1. This order will dispose of the above referred petitions.

Petitioner No.1 Alliance Infrastructure Project Private Ltd.,

issued a cheque dated 2nd May, 2008 for a sum of

Rs.30,86,000/- and another cheque of the same date for

Rs.12 lakhs in favour of the complainant/respondent. The

cheques, when presented for encashment, were returned

unpaid with the remarks "signature different". When the

complainant/respondent approached the petitioners in this

regard, they issued three other cheques, one for Rs.12 lakhs,

second for Rs.3,29,000/- and the third for Rs.31,91,650/- in

lieu of the previously dishonoured cheques. The cheques for

Rs.12 lakhs and Rs.3,29,000/- were encashed when

presented to the bank, but the cheque for Rs.31,91,650/-

was returned unpaid with the remarks "stop payment by the

drawer". A legal notice dated 23rd January, 2009 was sent to

the petitioners calling upon them to make payment within 15

days from the receipt of notice. The petitioners, however, did

not make the payment whereupon a complaint under Section

138/141 of Negotiable Instruments Act read with 141 thereof

and also under Section 420 of IPC was filed against them.

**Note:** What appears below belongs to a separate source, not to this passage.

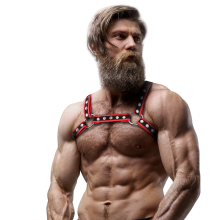 FETISH SUBMISSIVE ATTITUDE - BRUST-BULLDOG-GESCHIRR AUS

The petitioners, however, have been summoned only under

the provisions of Negotiable Instruments Act. Being

aggrieved, the petitioners have filed Criminal Misc. Case

2225/2009 assailing the summoning order.

2. Petitioner No. 1 had also issued two other cheques both

dated 5th May, 2008; one of Rs.47,84,000/- and the other for

Rs.18,60,000/- to the respondent. The cheque for

Rs.18,60,000/- was honoured, but the cheque for

Rs.47,84,000/-was returned unpaid. When the

complainant/respondent approached the petitioners in this

regard, they promised to pay the cheque amount within two-

three days and thereafter issued another cheque for

Rs.49,47,600/- in lieu of the previous cheques. The cheque

of Rs.49,47,600/-, when presented to the bank, was returned

with remarks "funds insufficient". Consequently, the

complaint subject matter of criminal case No. 2224/2009 was

filed by the respondent against the petitioners, who were

summoned under the provisions of Negotiable Instruments

Act.

3. It is an admitted case that after issue but before

presentation of cheque of Rs.49,47,600/-, petitioner No.1

paid a sum of Rs.16,50,000/- to the complainant/respondent

on 7th of October, 2008 by way of RTGS transfer. Though the

receipt of the aforesaid amount of Rs.16,50,000/- has not

been acknowledged in the legal notice dated 19.12.2008

issued by the respondent through his counsel Mr.Vijay

Kumar, when the complainant came in the witness box before

the trial court on 11th of September, 2009, he admitted

receipt of this payment and also stated that after the receipt

of the aforesaid amount on 7th of October, 2008 a sum of

Rs.32,97,600/- remained due to him. Admittedly, cheque of

Rs.49,47,600/- was presented to the bank much after the

receipt of the aforesaid sum of Rs.16,50,000/-, the cheque

having been returned vide memo dated 22.12.2008. As is

evident from the legal notice itself, the complainant required

the petitioner to make payment of Rs.49,47,600/-, though

the amount due to him on that date, as per his own showing,

was only Rs.32,97,600/-. Thus, not only the complainant

presented the cheque of Rs.49,47,600/- for encashment but

he also made a demand for the said amount despite the fact

that the amount payable to him even on the date of

presentation of the cheque was only Rs.32,97,600/-.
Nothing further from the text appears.